Problem to work on: Copy each line of the listing below exactly and drop the images.

Collected material:
________________________________________

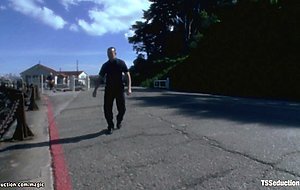 Big cock TS anal fucks bound cop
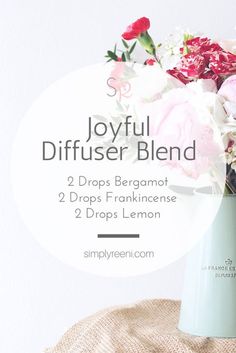 This is one of my favorite joyful essential oil diffuser blend recipes! In an essential oil diffuser add 2 drops Bergamot, 2 drops Frankincense, and 2 drops of Lemon. This helps create an uplifting and joyful atmosphere!✨ For more information visit www.simplyreeni.com Joy Essential Oil, Essential Oil Diffuser Blends Recipes, Oil Diffuser Recipes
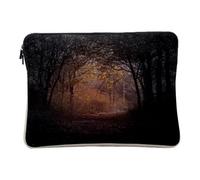 Linen Look Laptop Case for Computer and Tablet - Dark Path in a Forest in Autumn Natural Landscape - 10 Inches - Printed in France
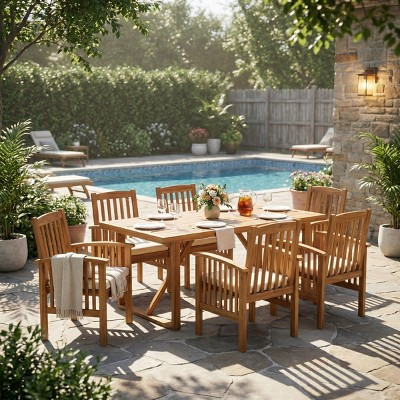 7-Piece Acacia Wood Outdoor Dining Set, Modern Rectangular Table with 6 Beige Cushioned Chairs for Patio, Backyard, Deck, and Poolside-Panipeachy | Target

________________________________________

Task solution:
 Big cock TS anal fucks bound cop
 This is one of my favorite joyful essential oil diffuser blend recipes! In an essential oil diffuser add 2 drops Bergamot, 2 drops Frankincense, and 2 drops of Lemon. This helps create an uplifting and joyful atmosphere!✨ For more information visit www.simplyreeni.com Joy Essential Oil, Essential Oil Diffuser Blends Recipes, Oil Diffuser Recipes
 Linen Look Laptop Case for Computer and Tablet - Dark Path in a Forest in Autumn Natural Landscape - 10 Inches - Printed in France
 7-Piece Acacia Wood Outdoor Dining Set, Modern Rectangular Table with 6 Beige Cushioned Chairs for Patio, Backyard, Deck, and Poolside-Panipeachy | Target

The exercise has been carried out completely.